- **Your task**
Each line below must be reproduced exactly as it stands. Pictures stay out of the copy.

- **Available data**

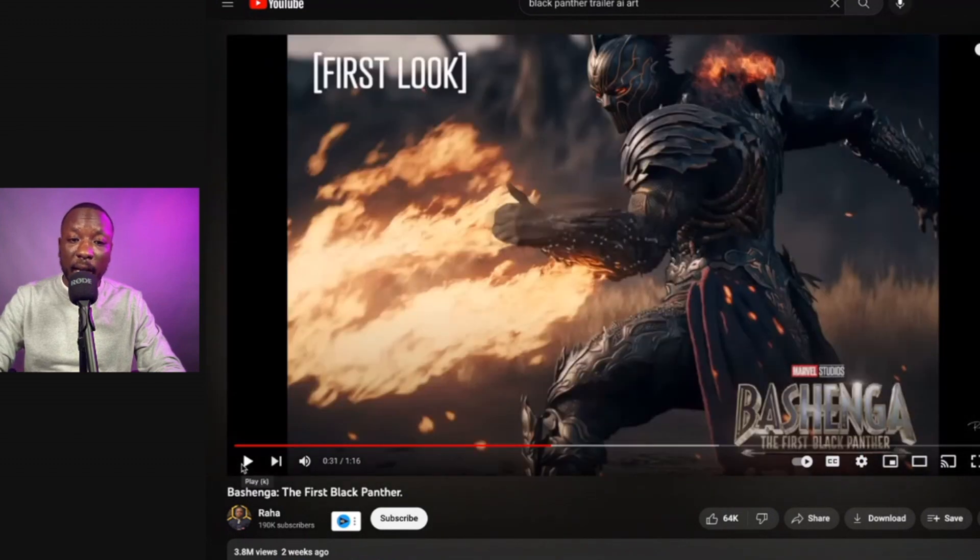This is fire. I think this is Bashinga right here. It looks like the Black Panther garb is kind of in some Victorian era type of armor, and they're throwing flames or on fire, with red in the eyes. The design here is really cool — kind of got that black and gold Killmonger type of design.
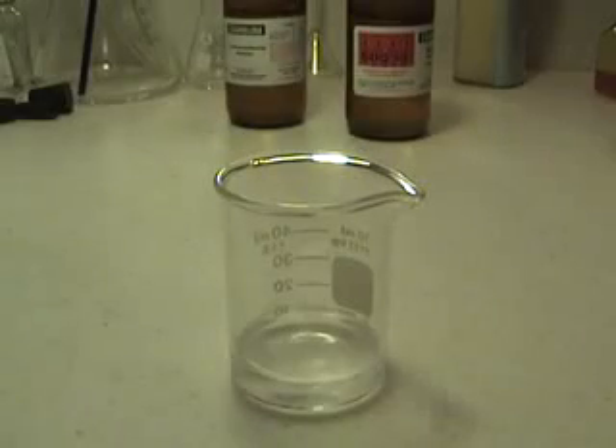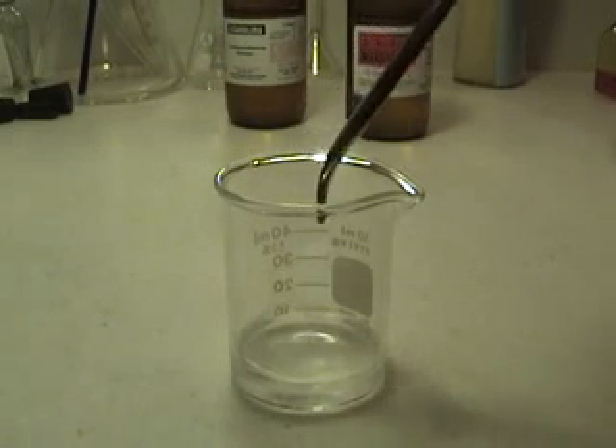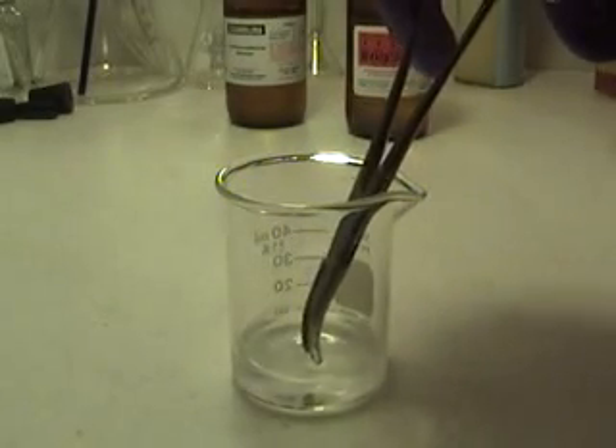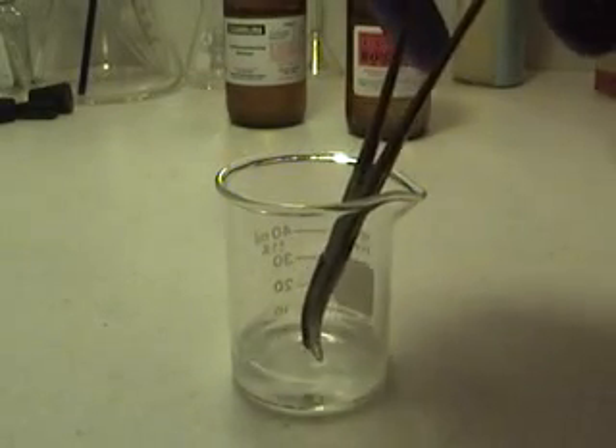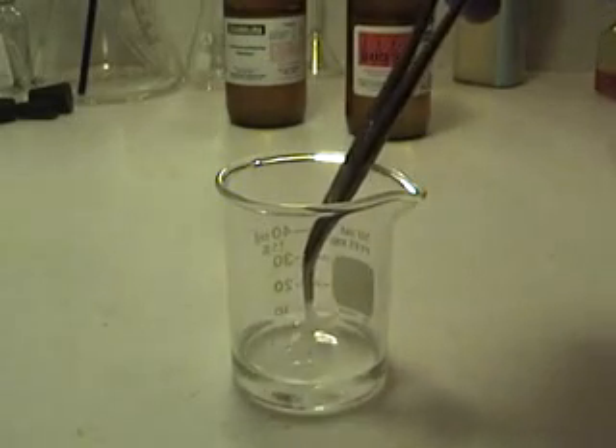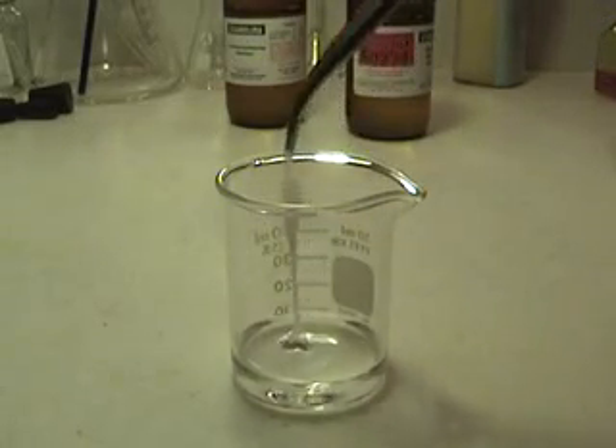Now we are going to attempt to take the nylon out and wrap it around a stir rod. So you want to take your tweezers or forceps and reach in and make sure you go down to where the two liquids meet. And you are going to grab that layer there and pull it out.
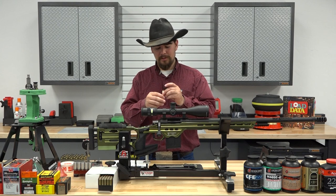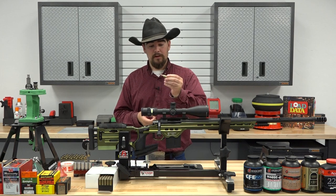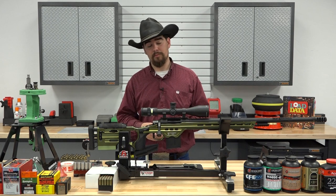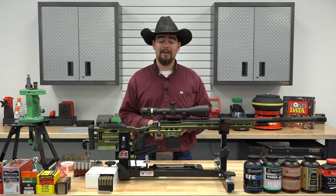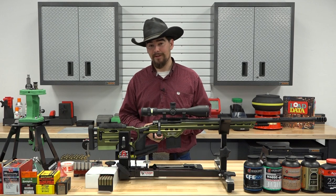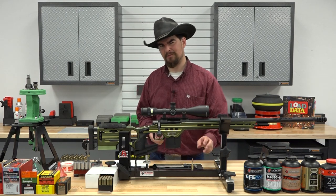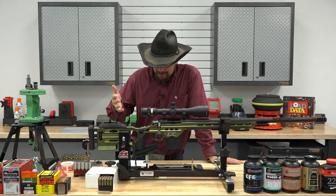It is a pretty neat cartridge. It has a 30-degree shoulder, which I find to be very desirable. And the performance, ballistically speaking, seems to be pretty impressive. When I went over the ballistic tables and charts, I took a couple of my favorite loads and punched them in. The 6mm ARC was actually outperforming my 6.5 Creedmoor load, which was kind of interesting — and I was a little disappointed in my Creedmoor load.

- **Output**
This is fire. I think this is Bashinga right here. It looks like the Black Panther garb is kind of in some Victorian era type of armor, and they're throwing flames or on fire, with red in the eyes. The design here is really cool — kind of got that black and gold Killmonger type of design.
Now we are going to attempt to take the nylon out and wrap it around a stir rod. So you want to take your tweezers or forceps and reach in and make sure you go down to where the two liquids meet. And you are going to grab that layer there and pull it out.
It is a pretty neat cartridge. It has a 30-degree shoulder, which I find to be very desirable. And the performance, ballistically speaking, seems to be pretty impressive. When I went over the ballistic tables and charts, I took a couple of my favorite loads and punched them in. The 6mm ARC was actually outperforming my 6.5 Creedmoor load, which was kind of interesting — and I was a little disappointed in my Creedmoor load.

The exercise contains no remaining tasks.